Octreotide binds to sst 2, sst 5, and, to a lesser extent, sst 3. The subtype(s) expressed in AR4-2J cells before and after passage in scid mice was analyzed by RT-PCR. As illustrated in Fig. 1 , only sst 2 mRNA was detected in these cells, even after passage in vivo. No specific bands corresponding to the expected sizes of sst 3 and sst 5 cDNA were visible. This result was confirmed by control experiments using up to 60 PCR amplification cycles. Thus, AR4-2J cells can be considered as cells expressing, exclusively, sst 2.

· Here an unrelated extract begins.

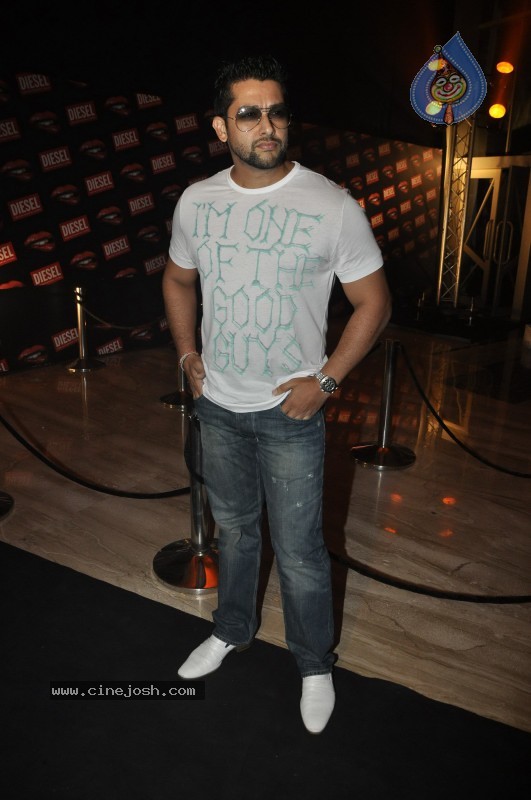 Sania, Shoaib n Hot Bolly Celebs at Diesel Store Launch - 16 / 48 photos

View larger version (40K): [in this window] [in a new window]   Fig. 1. RT-PCR analysis of sst 2, sst 3, and sst 5 in AR4-2J cells before and after in vivo passage. Photographs of the ethidium bromide-stained agarose gels of PCR products are shown. Primer pairs used for PCR were specific for sst 2 (SSTR2), sst 3 (SSTR3), and sst 5 (SSTR5). Lanes 1 and 2, AR4-2J cells cultured in vitro; Lanes 3 and 4, AR4-2J cells after passage in vivo; Lane 5, rat genomic DNA. For each RNA preparation, DNA removal was controlled by omitting reverse transcriptase (Lanes 1 and 3). The bands migrated to the expected locations for the primers used. Intactness of mRNA was controlled by using actin primers (data not shown).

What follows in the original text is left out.